Il l'avait fait de sa seule initiative, aucun commandement ne lui ayant ordonné de le faire. Bien entendu, son escadrille ne trouva rien. Mais quatre mois à peine plus tard, elle se trouvait serrée à l'arrière du pont d'un porte-avions américain (le Hornet), ce qui était une véritable aberration technique, pour décoller de manière très très risquée pour aller délivrer des bombes sur le territoire japonais. En tête du décollage suicide, Jimmy Doolittle, nommé responsable de l'expédition. Ce jour là, ce ne sont pas les dégâts provoqués au Japon qui comptèrent, mais bien l'énergie à mettre en œuvre pour démontrer que cette guerre ne pourrait se passer comme les précédentes, et qu'elle utiliserait des armes et des tactiques bien différentes. Celui qui avait autorisé cette folie s'appelait le Général H.H. Arnold, qui avait d'abord réussi à vaincre avant tout l'incroyable machine bureaucratique de la Navy avant de s'attaquer aux japonais. Williams avait gagné son pari : en moins de trois ans, le rouleau compresseur expliqué ici-même, celui des nouveaux avions, allait se mettre en branle, et rien ne pourrait plus l'arrêter. Très mal partis, les américains s'étaient nettement rattrapés, grâce à leurs ressources industrielles : en décidant de construire des avions comme les voitures, à la chaîne, c'est ainsi qu'ils gagneront la guerre.

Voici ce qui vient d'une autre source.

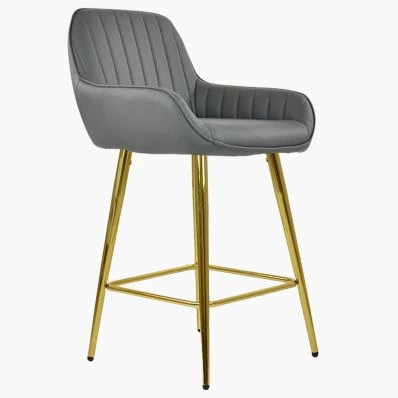 Hamilton Bar Stool Dark Grey Leather & Gold Leg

Henry Ford, aux idées nazifiantes, partisan de l'eugénisme et des camps de travail où l'on donnait un numéro aux ouvriers, en pleine jungle, devint constructeur de bombardiers, pour, à la fin de la guerre, tirer à lui les lauriers de la paix. Il construisait un bombardier B-24 à l'heure, à Willow Run. Or c'était le principal inspirateur d'Hitler. Mais cela, Williams ne l'avait pas vu venir, ou ne le savait pas.
l'incroyable réquisitoire de Williams est ici :
http://blog.modernmechanix.com/2006/03/15/our-air-force-a-farce/
(*) pour le Boeing il avait vu trop grand, comme la firme d'ailleurs qui réduira la taille de son gigantesque XB-15 de 45 mètres d'envergure pour fabriquer le B-17 de 31 mètres "seulement". Pour ce qui est de l'hydravion montré, c'est le prototype du Consolidated YPB2-I, une sorte de Short Sunderland US, qui ne sera pas construit en série mais deviendra le PB2Y-5R Coronado qui ne sera jamais satisfaisant, ayant tendance à se transformer parfois en torche volante comme un rien. Howard Hughes en utilisera un pour préparer le seul vol de son Spruce Goose qui n'ira pas bien loin.